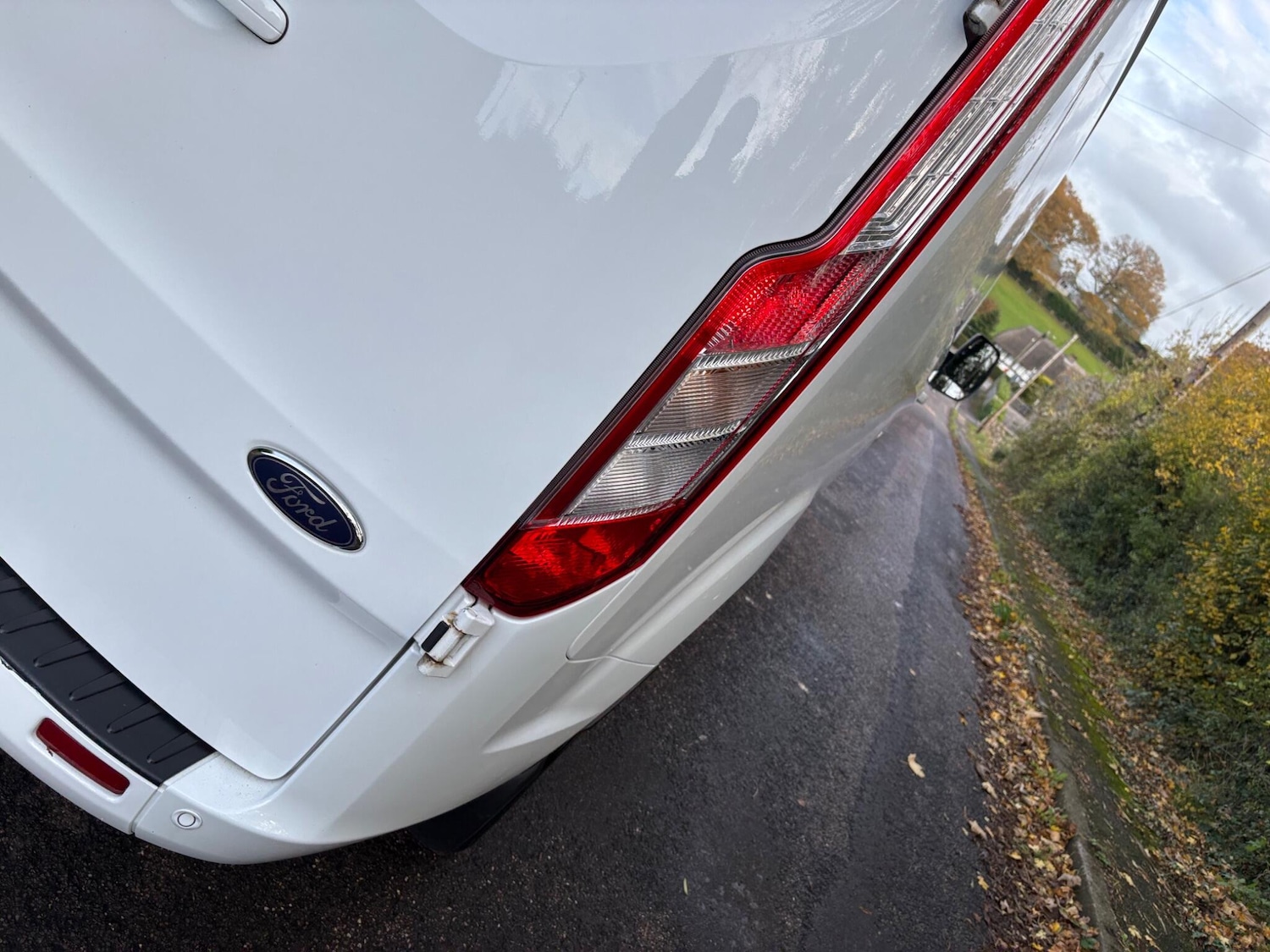 Used Ford Transit Custom 2022 for sale - 76473150: Photo 16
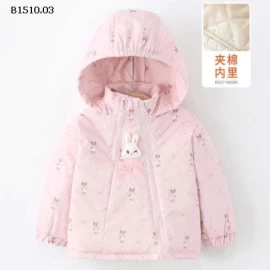 ÁO KHOÁC THỎ -Giá sỉ 218k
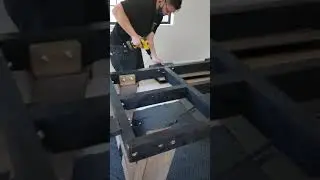 Rack N Roll Billiards Pool table assembly tip.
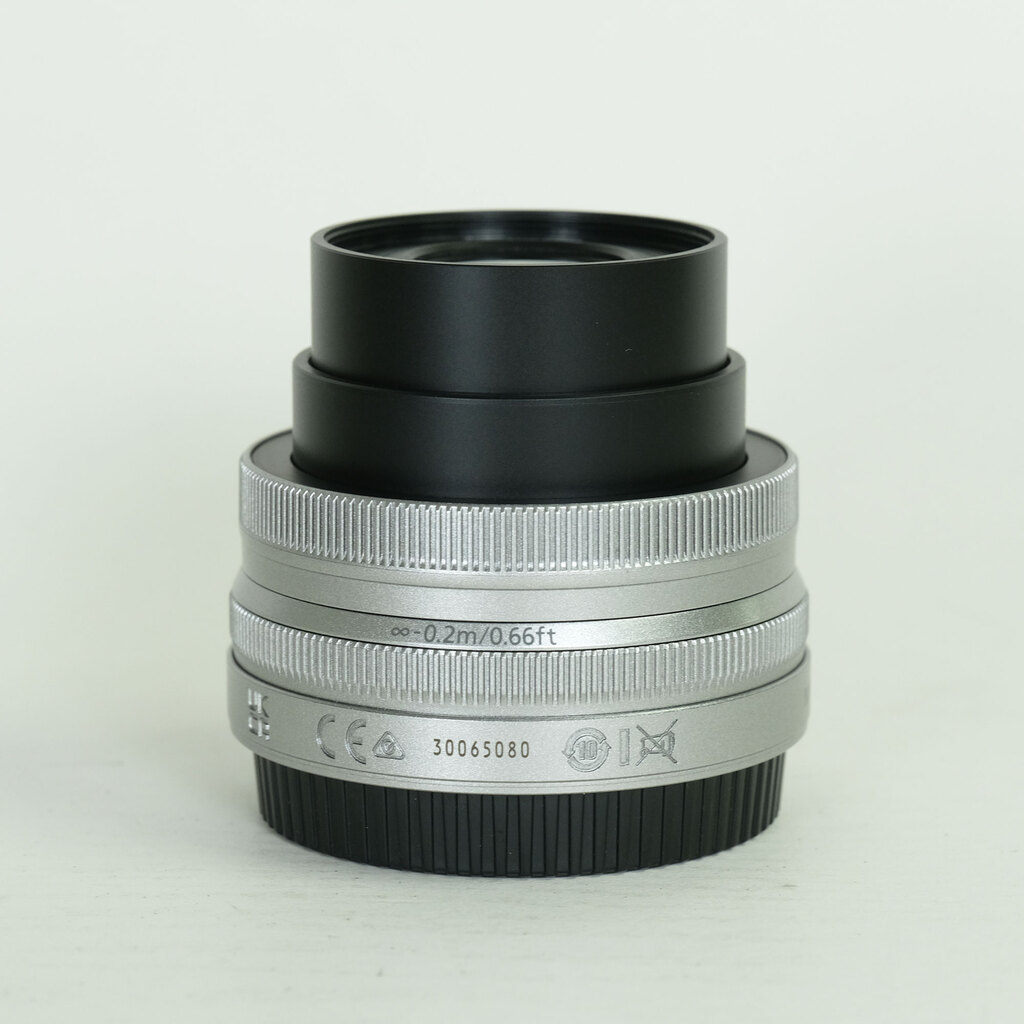 Nikon NIKKOR Z DX 16-50mm f/3.5-6.3 VR
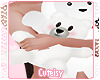 ♡Bear -Snowy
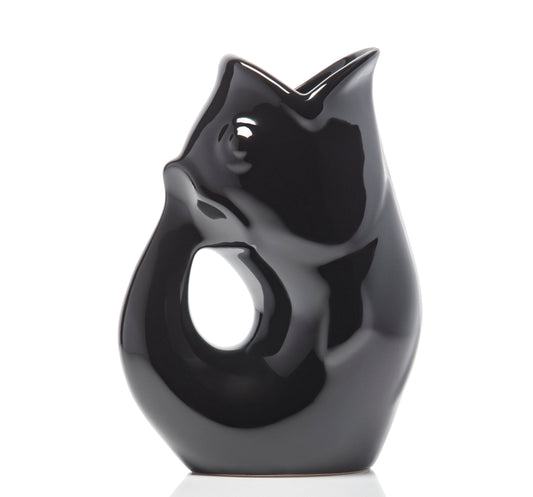 Medium Black GurglePot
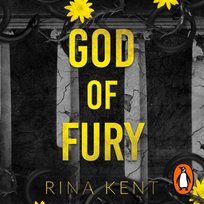 God of Fury - audiobook Rina Kent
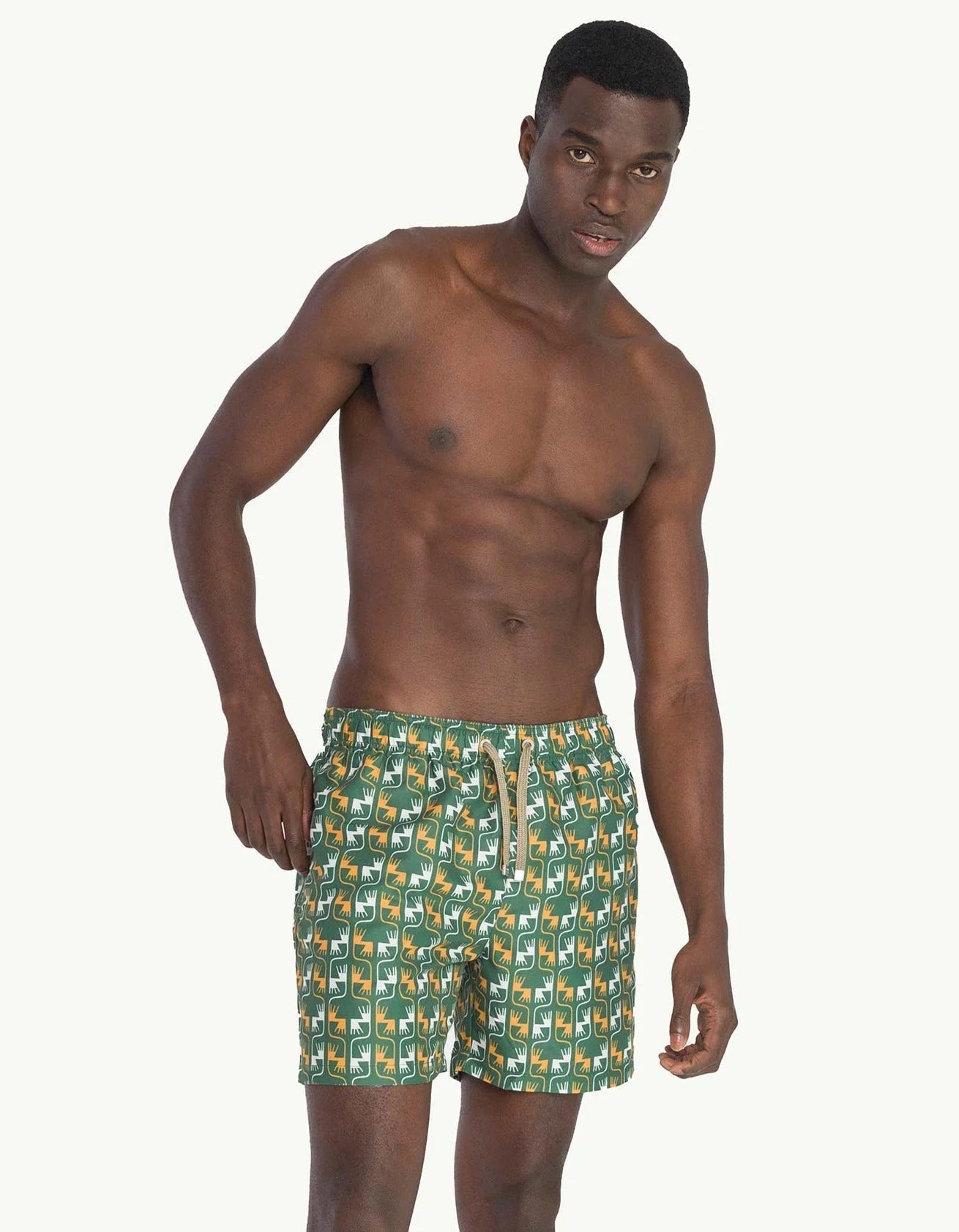 Traje de Baño Jondal Mid Length BENIBECA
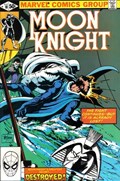 MOON KNIGHT #10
________
TASK DIRECTIONS »
Retype word for word all the material given above, and keep the pictures out.

SOLUTION TO THIS PROBLEM »
 Used Ford Transit Custom 2022 for sale - 76473150: Photo 16
 ÁO KHOÁC THỎ -Giá sỉ 218k
 Rack N Roll Billiards Pool table assembly tip.
 Nikon NIKKOR Z DX 16-50mm f/3.5-6.3 VR
 ♡Bear -Snowy
 Medium Black GurglePot
 God of Fury - audiobook Rina Kent
 Traje de Baño Jondal Mid Length BENIBECA
 MOON KNIGHT #10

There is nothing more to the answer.